The HLS_BLSTM source code is automatically documented with Doxygen. Run make dox
to generate html documenttion. TODO: The ./doc
folder is containing a complete tutorial of the example.
The presetnt work may be referred by the following citation:
D. Diamantopoulos, H. Giefers and C. Hagleitner, "ecTALK: Energy efficient coherent transprecision accelerators — The bidirectional long short-term memory neural network case,"
2018 IEEE Symposium in Low-Power and High-Speed Chips (COOL CHIPS), Yokohama, Japan, 2018, pp. 1-3. doi: 10.1109/CoolChips.2018.8373077, URL.

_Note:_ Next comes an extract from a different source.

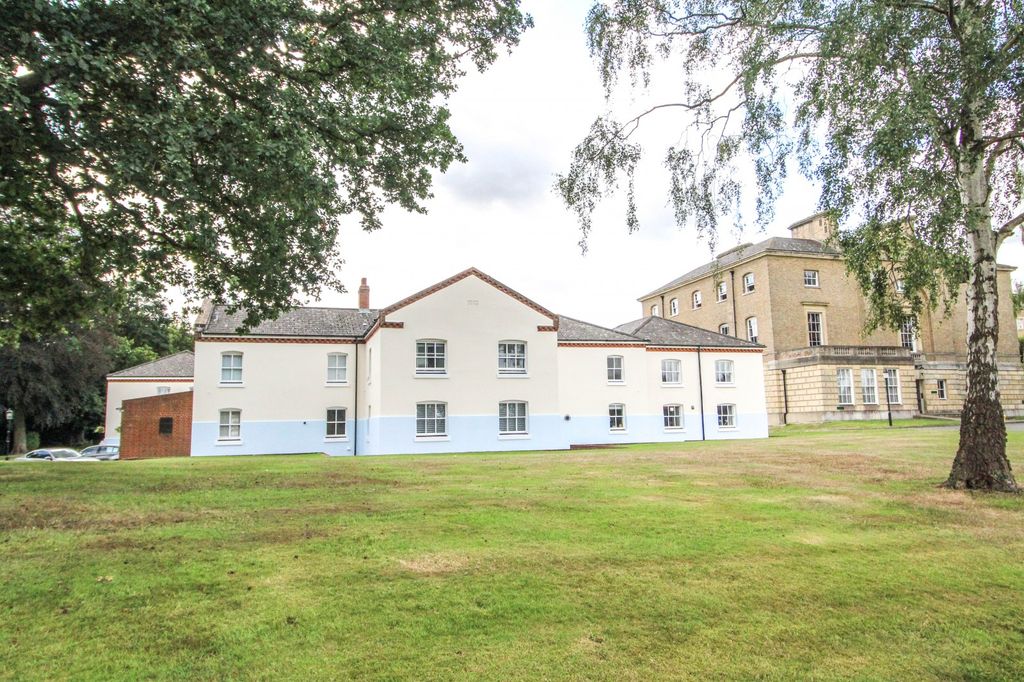 Property photo 2 of 9 Garden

The original software BLSTM code may be referred by the following citation: V. Rybalkin, N. Wehn, M. R. Yousefi and D. Stricker, "Hardware architecture of Bidirectional Long Short-Term Memory Neural Network for Optical Character Recognition,"
Design, Automation & Test in Europe Conference & Exhibition (DATE), 2017, Lausanne, 2017, pp. 1390-1395. doi: 10.23919/DATE.2017.7927210, URL.
The original BLSTM software code of this example has been coded by Vladimir Rybalkin. It was provided by the Microelectronic Systems Design Research Group, University of Kaiserslautern, as part of the OPRECOMP microbenchmark suite.
The hls_blstm demonstrator has been already tested on the ADM-PCIE-KU3 device (FPGA XCKU060-FFVA1156), attached a POWER8 host, on IBM Zurich Heterogeneous Cloud (ZHC2) cloud. Future milestones are:
- Porting to ADM-PCIE-8K5 (XCKU115-2-FLVA1517E) - almost double resources than KU3.
- Porting to POWER9 + CAPI2.0
Copyright 2018 - The OPRECOMP Project Consortium, IBM Research GmbH. All rights reserved.
Licensed under the Apache License, Version 2.0 (the "License"); you may not use this file except in compliance with the License. You may obtain a copy of the License at
http://www.apache.org/licenses/LICENSE-2.0
Unless required by applicable law or agreed to in writing, software distributed under the License is distributed on an "AS IS" BASIS, WITHOUT WARRANTIES OR CONDITIONS OF ANY KIND, either express or implied. See the License for the specific language governing permissions and limitations under the License.